Member of the Los Angeles County Board of Supervisors for the Second District
- In office 1889–1893

Personal details
- Born: May 12, 1836 Venango County, Pennsylvania
- Died: July 21, 1898 (aged 62) Los Angeles, California
- Resting place: Evergreen Cemetery
- Party: Republican
- Spouse: Hattie Sargent
- Children: 3 Sons; 1 Daughter;

= Samuel Marshall Perry =

American politician

Samuel Marshall Perry (1836–1898) was a member of the Los Angeles Common Council between 1878 and 1888 and of the Los Angeles County Board of Supervisors from 1889 to 1893. He was County Chair when the Los Angeles county courthouse was built.
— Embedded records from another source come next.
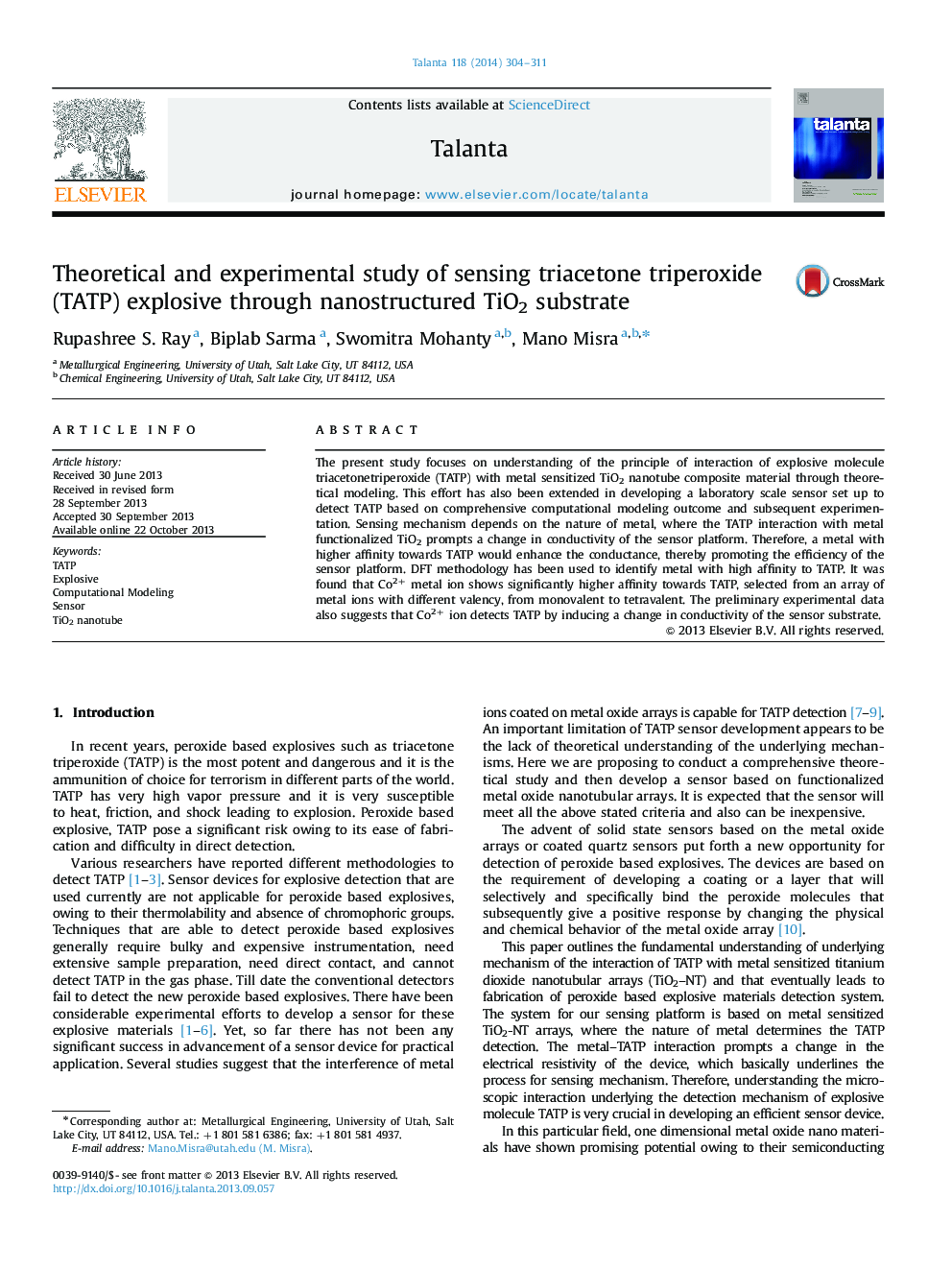 Theoretical and experimental study of sensing triacetone triperoxide (TATP) explosive through nanostructured TiO2 substrate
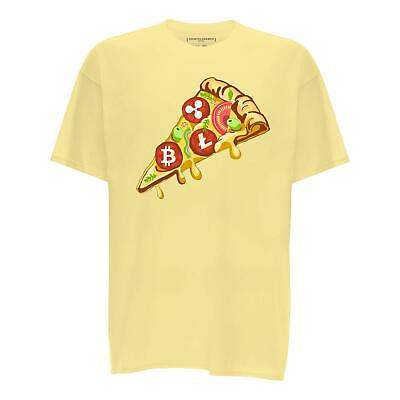 #ad Cointelegraph Crypto Pizza T Shirt Unisex Cryptocurrency Blockchain Yellow $15.00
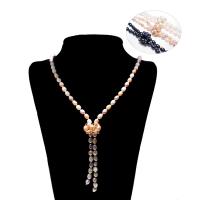 Perlas cultivadas de agua dulce Collar de suéter, con metal, Arroz, para mujer, más colores para la opción, 6x8mm, longitud:aproximado 39 Inch, Vendido por Sarta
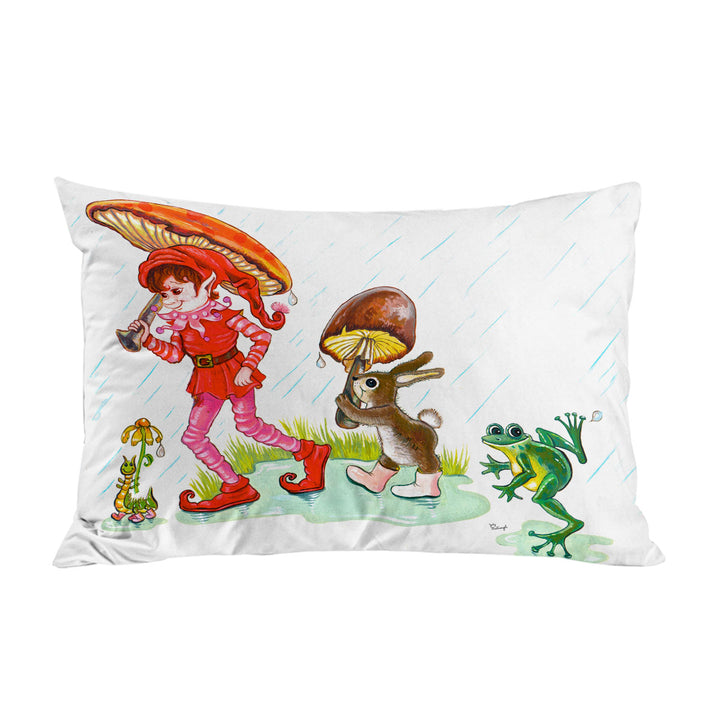 Rain Parade Cute Fairy Tale Painting for Kids Pillowcase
Perry, who was referred to in the press as S. M. Perry, was born in Venango County, Pennsylvania, on May 12, 1836, and lived in Piqua, Ohio, before coming to Marysville, California, in 1860, where he was in the hardware business, which he left in favor of a gold rush to the John Day River country in Oregon. After returning to the East for several years, he went back to Los Angeles in 1875.

A Republican, he was elected to the City Council in 1878 and reelected in 1886. He was elected to the Board of Supervisors from the Second District in 1888.

The son of John Perry of Venango County, Maine, Perry was married to Hattie Sargent in Coles County, Illinois, on December 25, 1868.

Perry, owner of a plumbing business at 80 South Main Street, went into insolvency in July 1891.

He died at his home, 1952 Lovelace Avenue, Los Angeles, on July 21, 1898, leaving his widow, three sons, and a daughter. He is buried in Evergreen Cemetery.